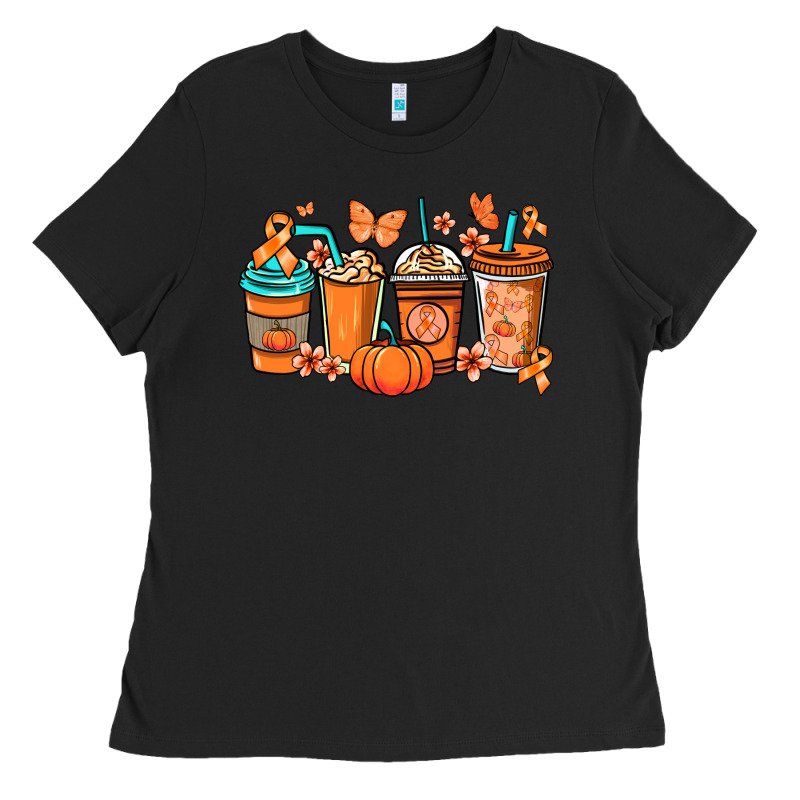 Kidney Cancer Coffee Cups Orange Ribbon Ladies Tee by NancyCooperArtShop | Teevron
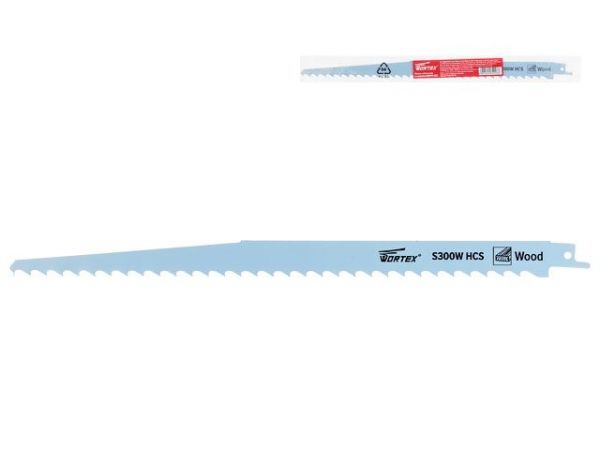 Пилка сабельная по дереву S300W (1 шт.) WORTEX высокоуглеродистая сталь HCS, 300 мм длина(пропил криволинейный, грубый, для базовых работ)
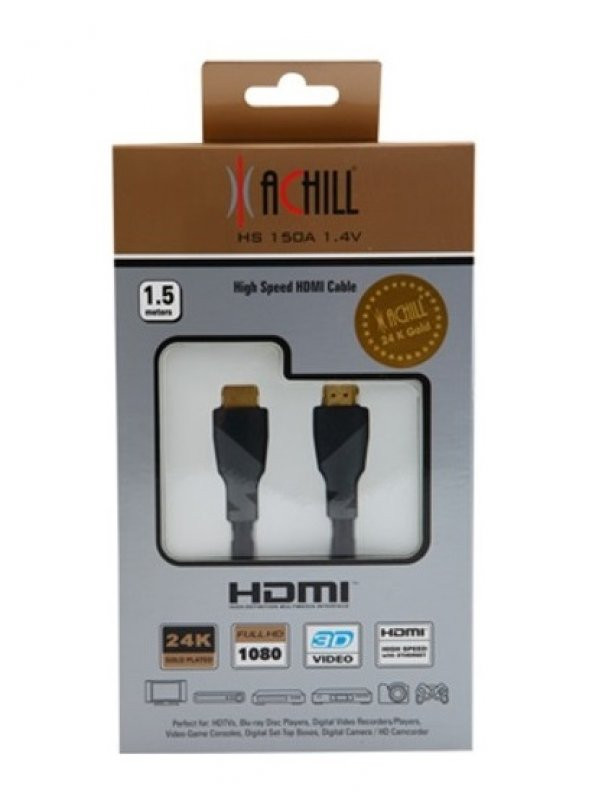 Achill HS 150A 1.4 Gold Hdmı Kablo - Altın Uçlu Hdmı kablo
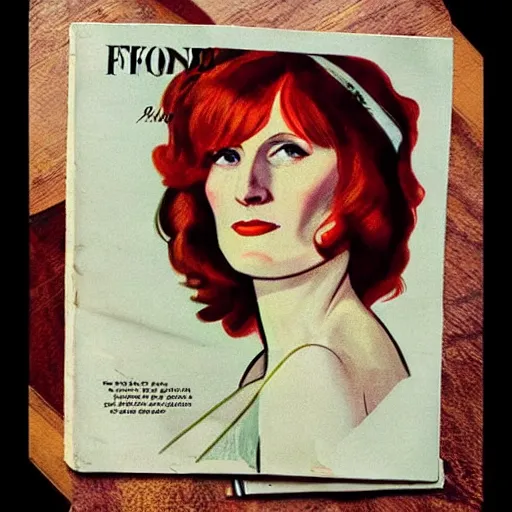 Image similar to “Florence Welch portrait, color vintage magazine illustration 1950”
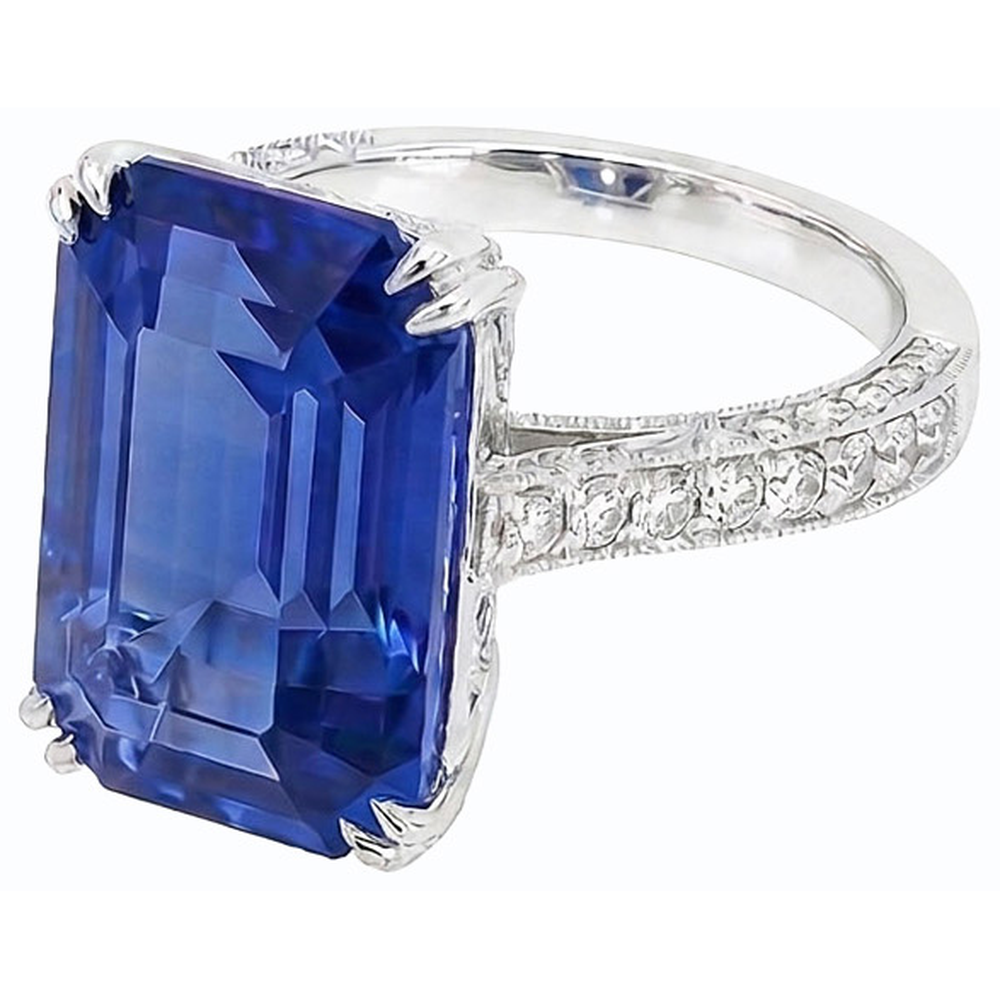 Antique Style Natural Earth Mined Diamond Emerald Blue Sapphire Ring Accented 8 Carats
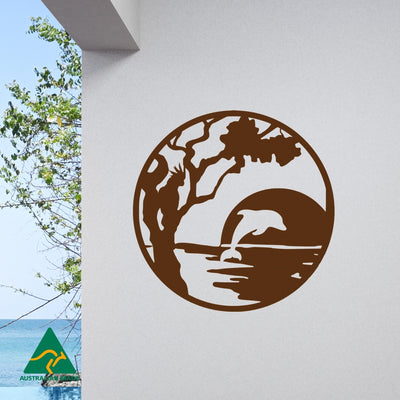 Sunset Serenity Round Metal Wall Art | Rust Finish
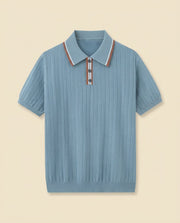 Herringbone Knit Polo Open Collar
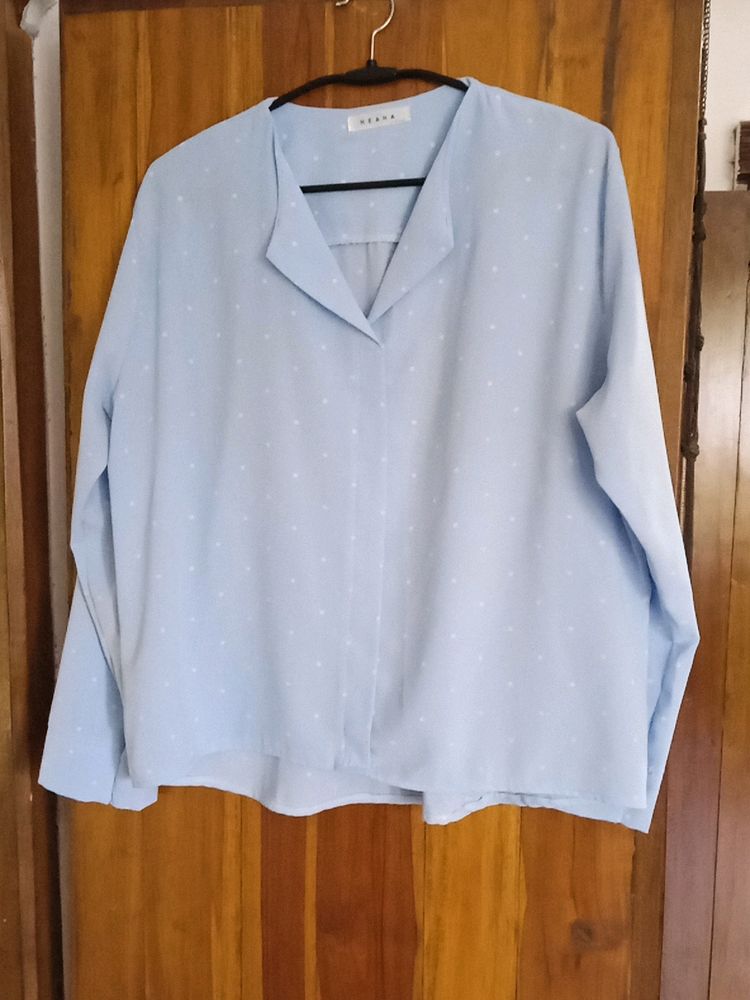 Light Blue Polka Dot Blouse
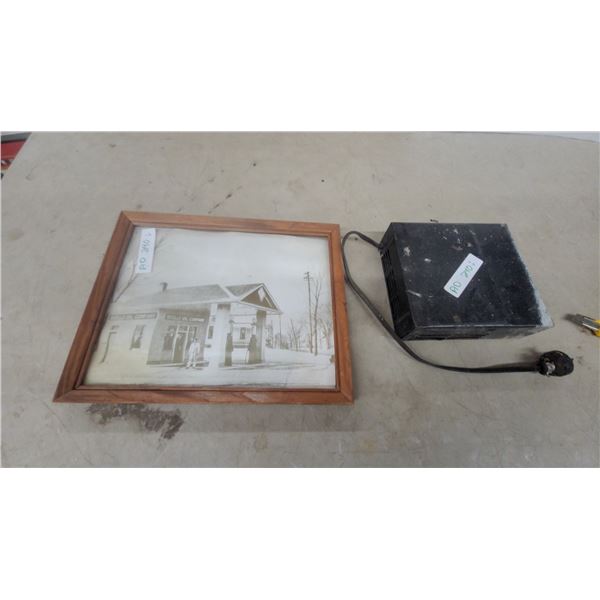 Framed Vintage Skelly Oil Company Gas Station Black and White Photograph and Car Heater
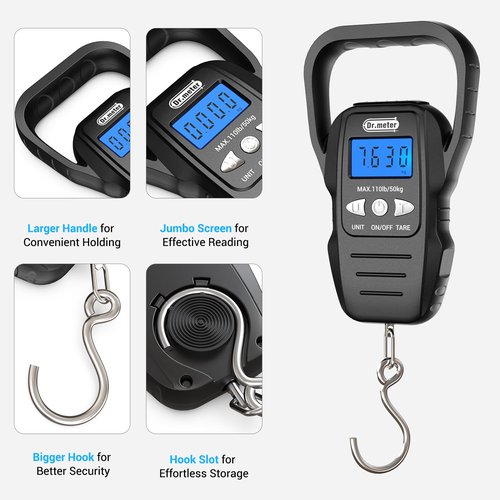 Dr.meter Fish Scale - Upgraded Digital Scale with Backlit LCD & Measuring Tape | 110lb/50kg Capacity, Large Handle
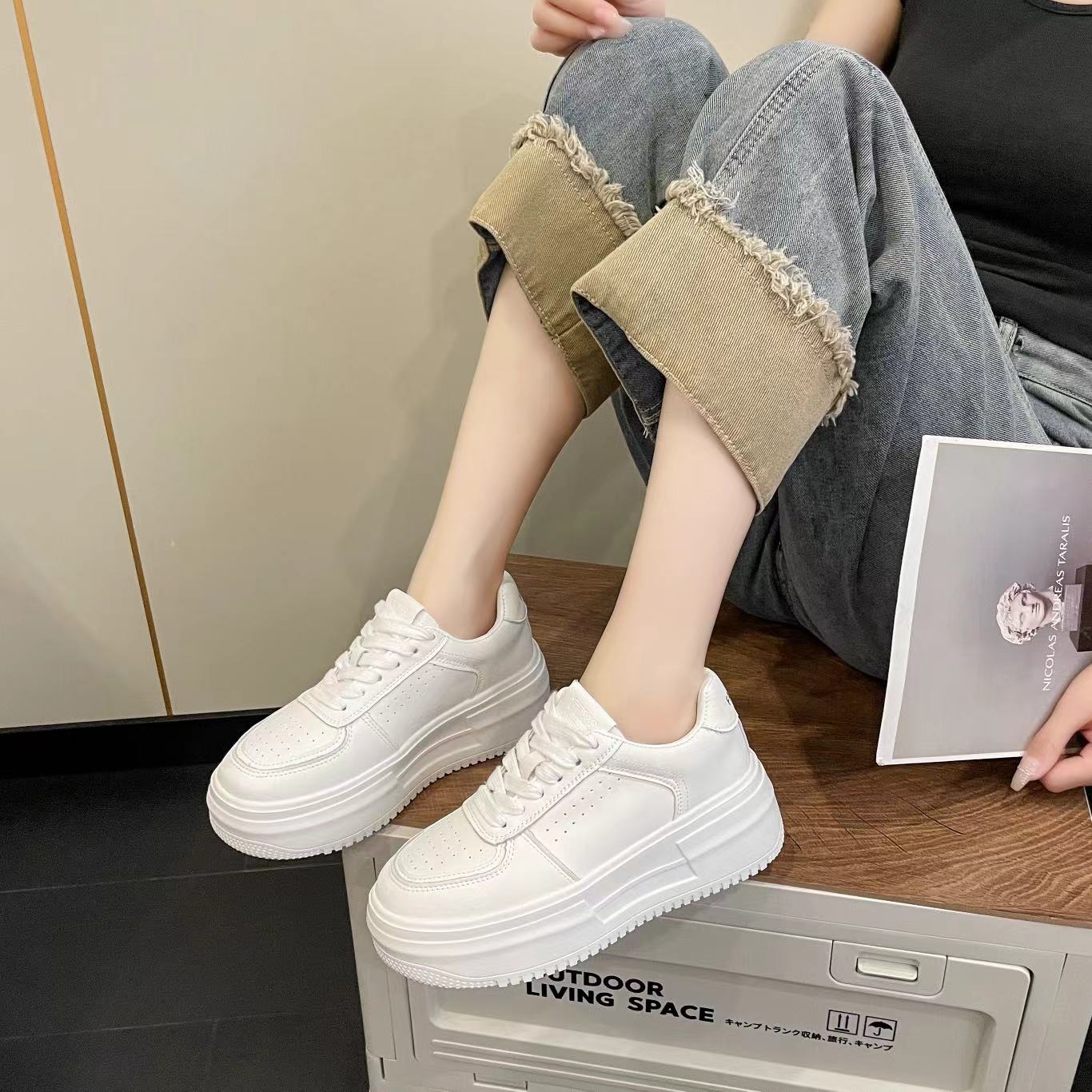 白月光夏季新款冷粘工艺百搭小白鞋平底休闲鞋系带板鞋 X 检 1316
◆ ◆ ◆
■ Required work
Transcribe exactly the span of lines that opens with the line holding "Achill HS 150A" and closes with the last line of the entries above. Omit pictures.

■ Written answer
 Achill HS 150A 1.4 Gold Hdmı Kablo - Altın Uçlu Hdmı kablo
 Image similar to “Florence Welch portrait, color vintage magazine illustration 1950”
 Antique Style Natural Earth Mined Diamond Emerald Blue Sapphire Ring Accented 8 Carats
 Sunset Serenity Round Metal Wall Art | Rust Finish
 Herringbone Knit Polo Open Collar
 Light Blue Polka Dot Blouse
 Framed Vintage Skelly Oil Company Gas Station Black and White Photograph and Car Heater
 Dr.meter Fish Scale - Upgraded Digital Scale with Backlit LCD & Measuring Tape | 110lb/50kg Capacity, Large Handle
 白月光夏季新款冷粘工艺百搭小白鞋平底休闲鞋系带板鞋 X 检 1316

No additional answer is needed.